Pourquoi mesurer l’intensité CO2 de la valeur ajoutée et la tarification effective du CO2 au niveau de chaque entreprise ?

Quand on s’intéresse à qui émet quoi dans la société, on mesure souvent le carbone total émis par les individus ou les entreprises, et on agrège ces mesures pour obtenir une forme de comptabilité nationale du carbone (l’Insee a d’ailleurs récemment publié son premier exercice en la matière). Nous souhaitions nous donner un cadre d’analyse pour penser le ciblage des politiques publiques à destination des entreprises en fonction du CO2 qu’elles émettent ; c’est-à-dire répondre à la question : telle ou telle politique publique touche-t-elle davantage des entreprises intenses ou peu intenses en émissions ? Pour rendre les entreprises commensurables, on ne peut alors pas se contenter d’utiliser les émissions totales de ces entreprises, au risque de simplement comparer les grosses entreprises aux petites. C’est pourquoi nous préférons calculer une mesure d’émissions rapportées à leur contribution à l’activité économique, de telle sorte à identifier les entreprises les plus “intenses” en CO2 par rapport à leur valeur ajoutée économique.

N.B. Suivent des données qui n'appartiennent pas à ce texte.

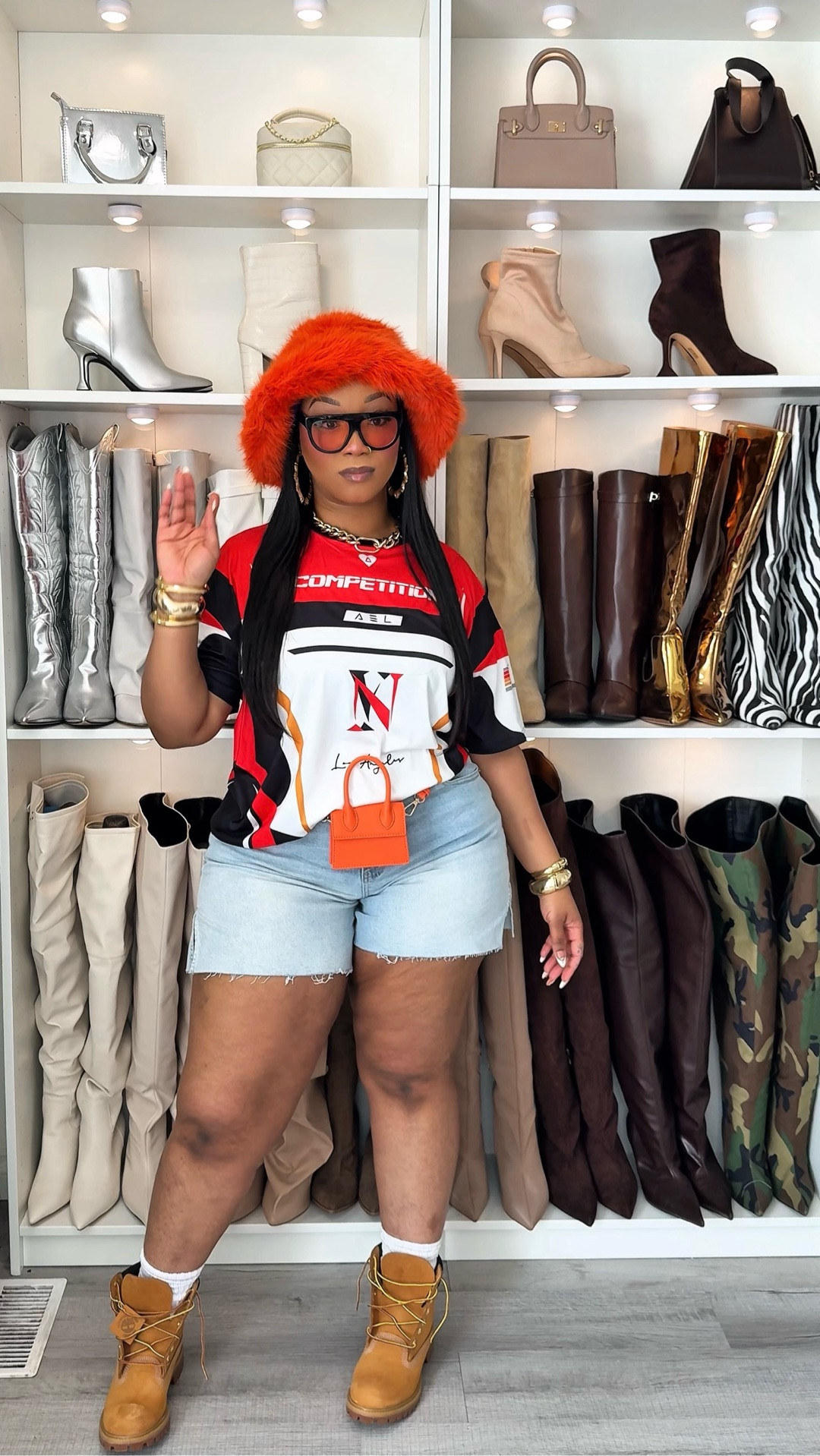 
Hey Beauties 🩷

Côté tarification effective du CO2, il s’agissait de se donner une mesure, au niveau de chaque entreprise, du niveau moyen de tarification du CO2 émis par cette entreprise, c’est-à-dire des incitations financières associées à l’émission d’une tonne de CO2 par l’entreprise. L’exercice habituel en la matière consiste à tracer, pour chaque tonne de CO2, l’ensemble des dispositifs fiscaux et légaux qui s’y appliquent ; c’est la voie que suit le Commissariat général au développement durable (CGDD), par exemple, selon une méthodologie développée par l’Organisation de coopération et de développement économiques (OCDE). Nous procédons un peu différemment, en reproduisant d’abord cette approche “tonne par tonne”, mais en agrégeant ensuite cette tarification au niveau de chaque entreprise, pour pouvoir s’intéresser aux caractéristiques des entreprises soumises à tel et tel niveau de tarification.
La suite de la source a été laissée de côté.